● **What to produce**:
After locating the line that contains "3rd image of 600 N Fairbanks Ct Unit 3604", give that line and all the rest through the end of the entries again exactly, leaving the pictures out.

● **Data to examine**:

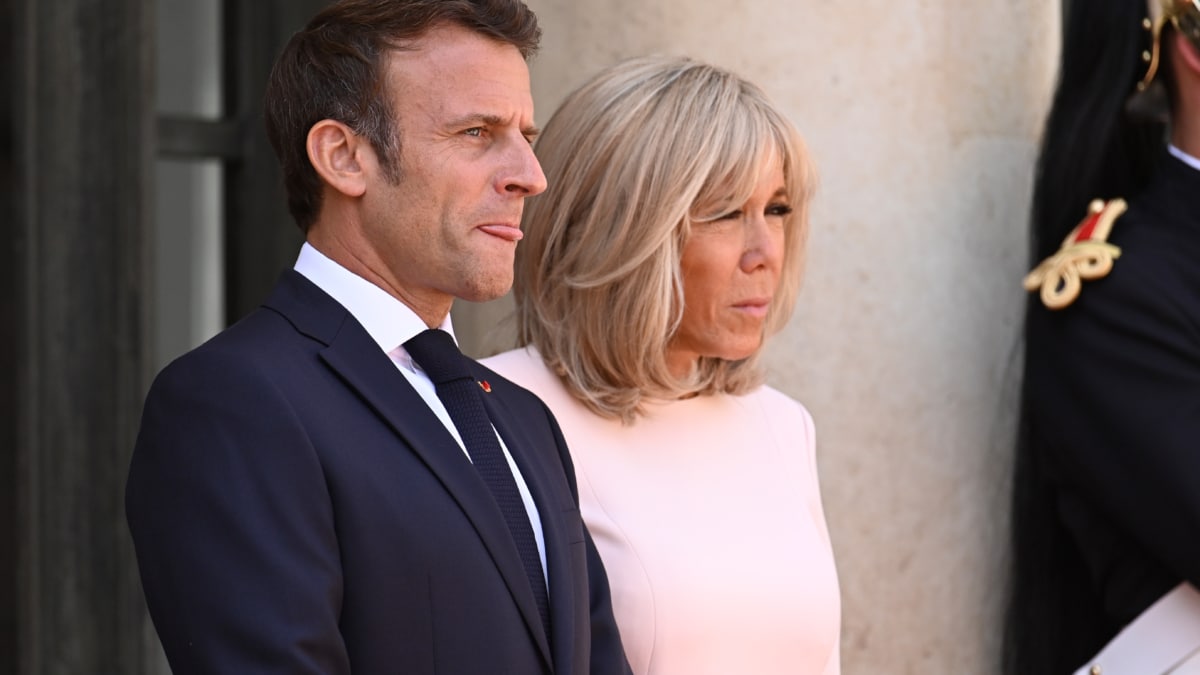 Emmanuel Macron junto a su esposa Brigitte en 2022 durante la recepción al presidente de Emiratos Árabes Unidos.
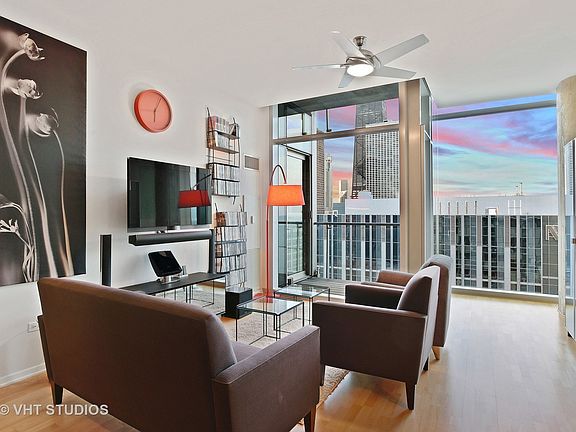 3rd image of 600 N Fairbanks Ct Unit 3604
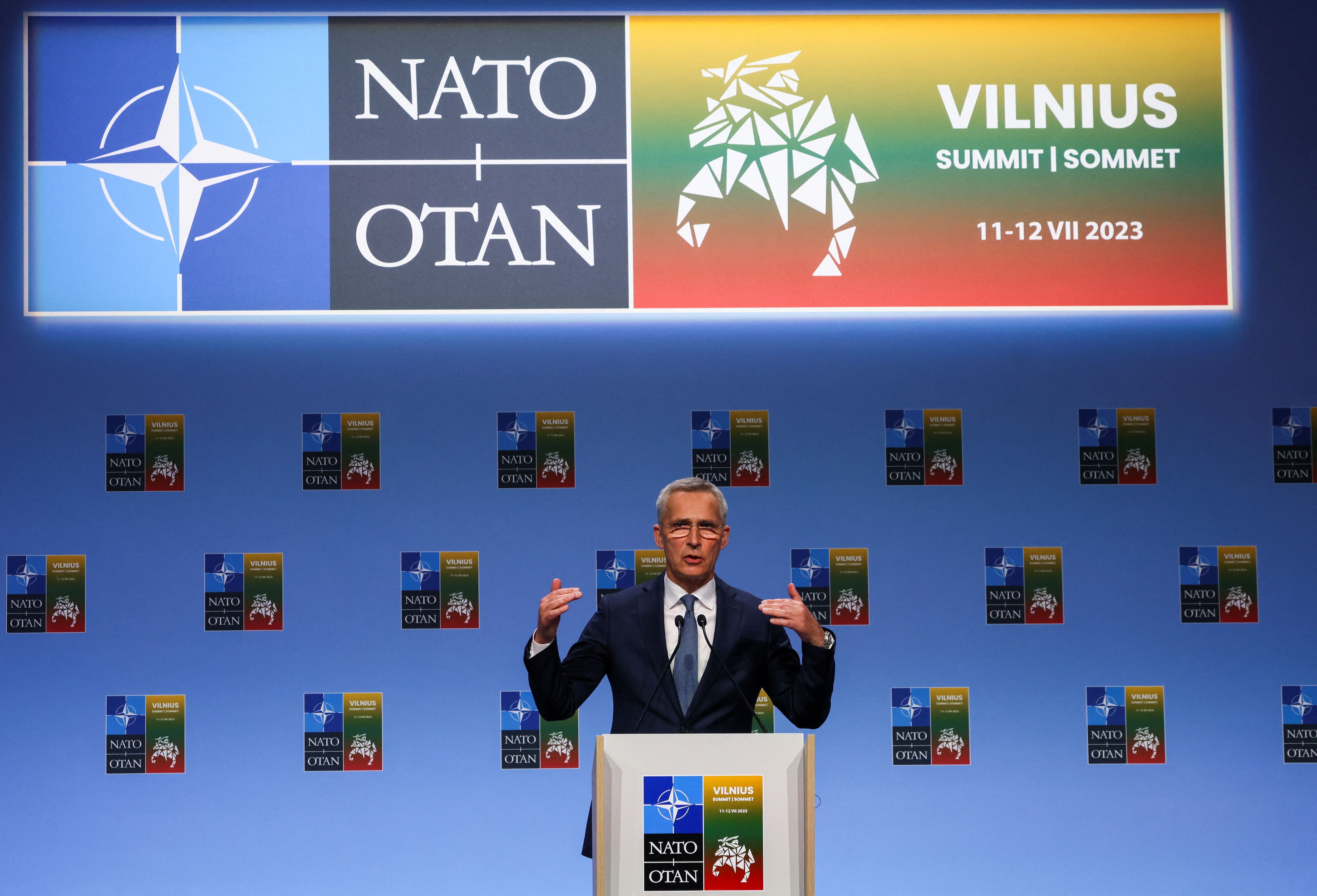 Este martes comienza la cumbre de la OTAN en Lituania en la que se espera la participación de Volodimir Zelensky. (REUTERS/Yves Herman)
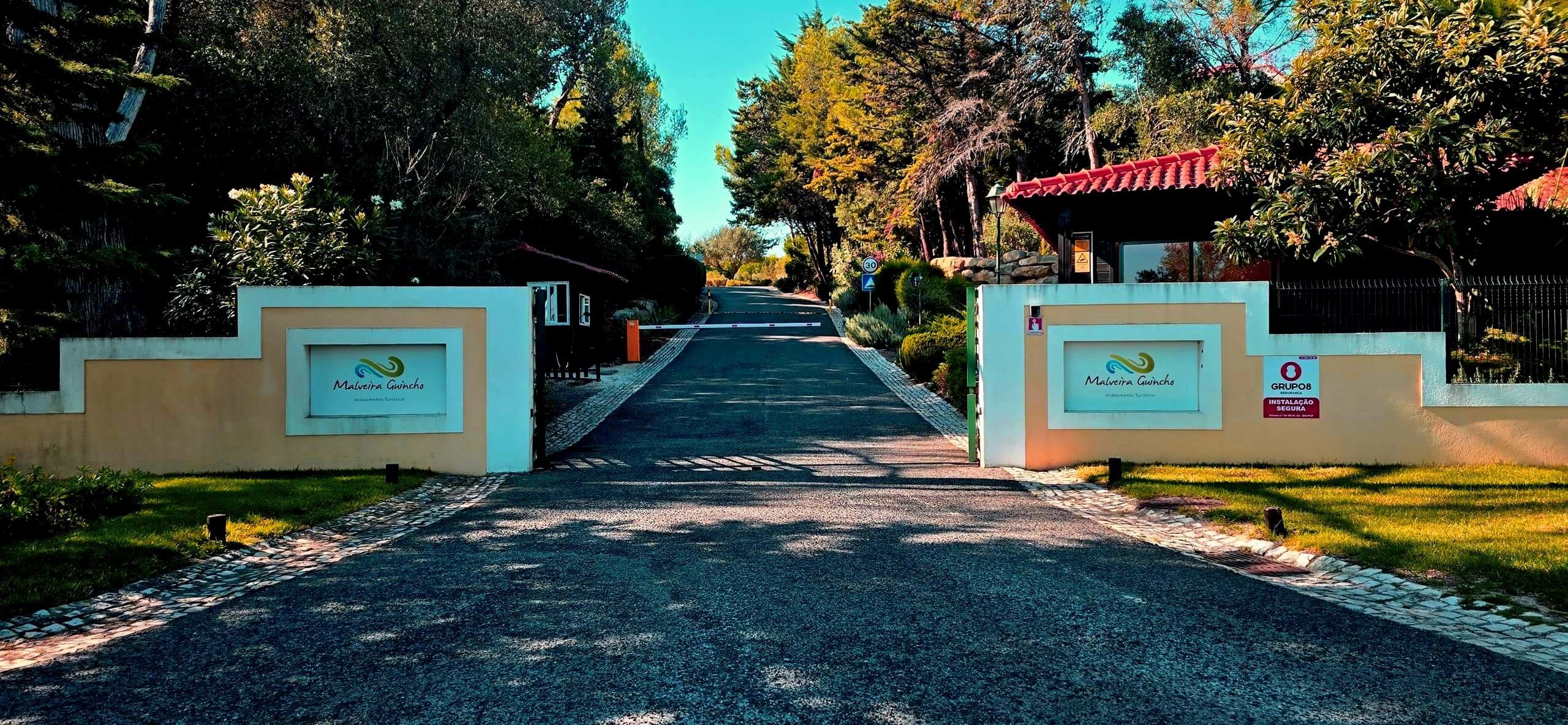 Cascais, Lisbon, 2750-642, PT, 4 Bedrooms Bedrooms, ,3 BathroomsBathrooms,Residential,For Sale,1989663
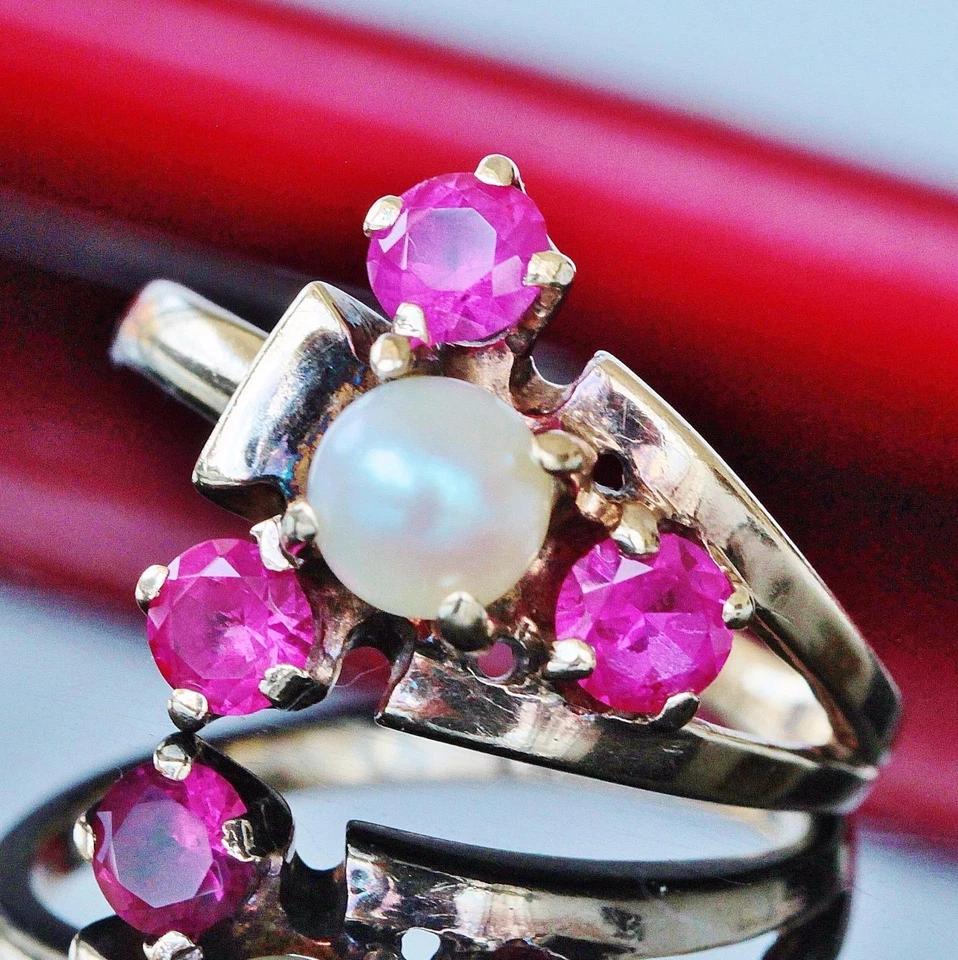 10k yellow gold ring 5.3mm cultured pearl & lab ruby size 7.75 handmade 3.5g - Image 2 of 4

● **Task result**:
 3rd image of 600 N Fairbanks Ct Unit 3604
 Este martes comienza la cumbre de la OTAN en Lituania en la que se espera la participación de Volodimir Zelensky. (REUTERS/Yves Herman)
 Cascais, Lisbon, 2750-642, PT, 4 Bedrooms Bedrooms, ,3 BathroomsBathrooms,Residential,For Sale,1989663
 10k yellow gold ring 5.3mm cultured pearl & lab ruby size 7.75 handmade 3.5g - Image 2 of 4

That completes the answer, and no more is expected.